Lawsuit Filed Against Disney Alleges Disneyland Resort’s Magic Key Program Deceptively Advertises “No Blockouts” Despite Reservation Difficulties
It’s no secret that the Magic Key program, the replacement for Annual Passes at the Disneyland Resort, has been rather controversial among fans for its notorious difficulty to secure reservations for the two California theme parks. One woman feels that Disney falsely advertised their highest tier Dream Key as having “no blockout dates” despite the very limited bucket of reservations available for Key holders and as such is suing Disney.
According to the Orange County Register, Jenale Nielsen, a Dream Key holder, has filed a $5 million lawsuit against Disney alleging that Disneyland treats Magic Key holders as “second class” ticket holders by artificially limiting Magic Key reservations and the number of key holders that can visit on any given day.
Nielsen reportedly seeks to have the suit certified as class-action on behalf of all Magic Key holders, although this has not happened yet.
Reservations for Magic Key holders have been notoriously difficult to obtain since the program’s launch in August as a replacement for the former Annual Passes. The new system requires reservations to be booked before visiting the Disneyland Resort, but reservations are frequently unavailable for near-term dates and virtually all available weekends. However, standard tickets have been available for purchase on almost every day, with only a few near-term dates unavailable.
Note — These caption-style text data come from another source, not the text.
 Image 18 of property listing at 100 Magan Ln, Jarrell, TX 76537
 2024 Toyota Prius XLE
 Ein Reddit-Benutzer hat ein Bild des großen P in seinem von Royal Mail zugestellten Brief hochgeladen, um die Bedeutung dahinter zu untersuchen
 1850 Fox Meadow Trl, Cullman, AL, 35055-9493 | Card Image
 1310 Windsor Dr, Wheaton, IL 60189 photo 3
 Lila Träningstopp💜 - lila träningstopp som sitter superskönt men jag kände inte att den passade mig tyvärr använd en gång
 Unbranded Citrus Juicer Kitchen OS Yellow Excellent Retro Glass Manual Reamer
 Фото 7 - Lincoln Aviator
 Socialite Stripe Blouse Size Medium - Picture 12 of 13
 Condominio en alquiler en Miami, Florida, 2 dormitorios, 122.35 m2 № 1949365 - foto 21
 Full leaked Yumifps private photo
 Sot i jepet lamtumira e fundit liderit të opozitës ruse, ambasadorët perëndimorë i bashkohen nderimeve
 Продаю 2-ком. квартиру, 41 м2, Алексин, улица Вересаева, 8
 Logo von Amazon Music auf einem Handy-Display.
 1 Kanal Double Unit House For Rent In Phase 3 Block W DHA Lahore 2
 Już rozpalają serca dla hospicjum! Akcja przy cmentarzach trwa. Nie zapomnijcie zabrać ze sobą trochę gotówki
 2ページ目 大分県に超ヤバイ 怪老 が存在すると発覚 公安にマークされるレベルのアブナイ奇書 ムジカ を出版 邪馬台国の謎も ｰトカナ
“The problem was not that Disney had reached its capacity and therefore could not provide reservations to its Dream Key passholders. The problem was that Disney had decided to block out reservations so that they were only available to new purchases and were not available to Dream Key passholders. Disney appears to be limiting the number of reservations available to Dream Key passholders on any given day in order to maximize the number of single day and other passes that Disney can sell,” according to the suit. Nielsen says she would not have purchased a Dream Key if she knew so many dates would be unavailable, and claims she purchased the Dream Key believing that she could make reservations as long as capacity was available at Disneyland Park and Disney California Adventure. In the end, Nielsen purchased a standard day ticket to visit on her desired dates in November despite holding a Dream Key.
The suit contends that Disney is engaging in unfair, unlawful and deceptive business practices. Disneyland is accused of breach of contract, negligent misrepresentation and false advertising and seeks civil penalties to prevent Disney from engaging in similar unlawful trade practices, restitution based on the harm consumers experienced and repayment of all revenue gained by the practice, according to the Orange County Register. Disney has not yet filed an answer to these claims.